With those numbers estimated to be improving only at a rate of about 1% per year at best, there’s plenty of work that needs to be done in this area, and managers and leaders play a critical role in that process. The speakers offered a number of ideas and insights that HR and talent development professionals should be thinking about as they plan their management and leadership development strategies for the coming year.

One of the big themes we hear is that managers need to focus more attention on maximizing the strengths of their employees rather than trying to make everyone good at everything. Daniel Pink notes that focusing on areas of strength is the great performance accelerator, leading not only to increased individual performance but also lower attrition, higher job satisfaction, and improved engagement and customer metrics. Spending more time on your strengths also increases personal satisfaction and happiness while reducing stress. Trying to be good at everything, on the other hand, usually ends up promoting mediocrity, which doesn’t do much for a person’s morale—or for the business.

The question for your managers is, do they know how to help employees recognize their strengths and push past any self-limiting behaviors so they can truly apply them? This requires more than a performance management conversation or telling people what to do. Managers need to be effective coaches who see the potential in their people and help them develop it. Speaker Jeremie Brecheisen outlined three key actions:

  1. Establish expectations that are clear, collaborative and align with company goals. Keep in mind that focusing on strengths doesn’t mean that people don’t have to push themselves. Managers should be encouraging employees to challenge themselves as they create their goals together.
  2. Coach continually.

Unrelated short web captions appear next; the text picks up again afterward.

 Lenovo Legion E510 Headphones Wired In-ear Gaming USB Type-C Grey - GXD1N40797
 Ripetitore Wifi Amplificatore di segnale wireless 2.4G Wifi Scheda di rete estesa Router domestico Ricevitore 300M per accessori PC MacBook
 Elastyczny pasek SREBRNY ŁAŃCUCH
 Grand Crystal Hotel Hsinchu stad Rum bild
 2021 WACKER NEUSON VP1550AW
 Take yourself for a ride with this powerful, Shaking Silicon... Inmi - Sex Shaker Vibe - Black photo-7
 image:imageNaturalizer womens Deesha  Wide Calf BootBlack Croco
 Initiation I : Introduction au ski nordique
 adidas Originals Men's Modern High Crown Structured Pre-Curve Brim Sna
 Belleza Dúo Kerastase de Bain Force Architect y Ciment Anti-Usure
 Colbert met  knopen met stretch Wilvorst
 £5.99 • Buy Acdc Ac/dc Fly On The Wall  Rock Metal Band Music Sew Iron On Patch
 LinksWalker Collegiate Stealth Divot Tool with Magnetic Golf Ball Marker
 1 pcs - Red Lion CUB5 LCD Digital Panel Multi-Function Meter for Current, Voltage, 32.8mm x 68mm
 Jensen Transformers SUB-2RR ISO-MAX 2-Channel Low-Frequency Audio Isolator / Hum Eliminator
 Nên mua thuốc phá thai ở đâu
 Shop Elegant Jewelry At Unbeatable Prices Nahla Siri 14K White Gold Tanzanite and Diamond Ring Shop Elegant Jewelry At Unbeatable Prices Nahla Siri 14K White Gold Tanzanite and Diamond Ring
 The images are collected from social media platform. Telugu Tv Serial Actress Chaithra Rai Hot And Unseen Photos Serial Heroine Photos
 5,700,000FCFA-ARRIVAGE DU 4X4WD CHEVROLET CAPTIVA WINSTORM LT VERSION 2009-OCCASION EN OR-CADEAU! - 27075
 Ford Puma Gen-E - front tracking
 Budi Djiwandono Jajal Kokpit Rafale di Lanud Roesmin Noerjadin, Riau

Since daily feedback creates the highest engagement, coaching should be frequent, focused and future-oriented. Developing and engaging their people is a manager’s primary job. Ask your managers, “What do you think your job is as a manager if not that?”
  3. Create accountability. This is also a key step in the coaching process, and it should be achievement oriented and developmentally focused. Managers need to focus on successes and accomplishments, not just giving feedback and ratings.

Because coaching is such an important factor in the employee engagement equation, the most effective managers are finding ways to bring it into the day-to-day routine—via emails, phone calls, hallway conversations and other opportunities. Those “quick connect” coaching moments are just as vital as formal check-ins. Likewise, the immediate feedback of developmental coaching, combined with scheduled skills training and strengths coaching, creates a powerful impact on both performance and engagement.

About the Author
Steve Schmidt
Steve Schmidt

Executive Partner

Steve Schmidt is an Executive Partner and a member of the ownership team with Integrity Solutions. Since joining us in...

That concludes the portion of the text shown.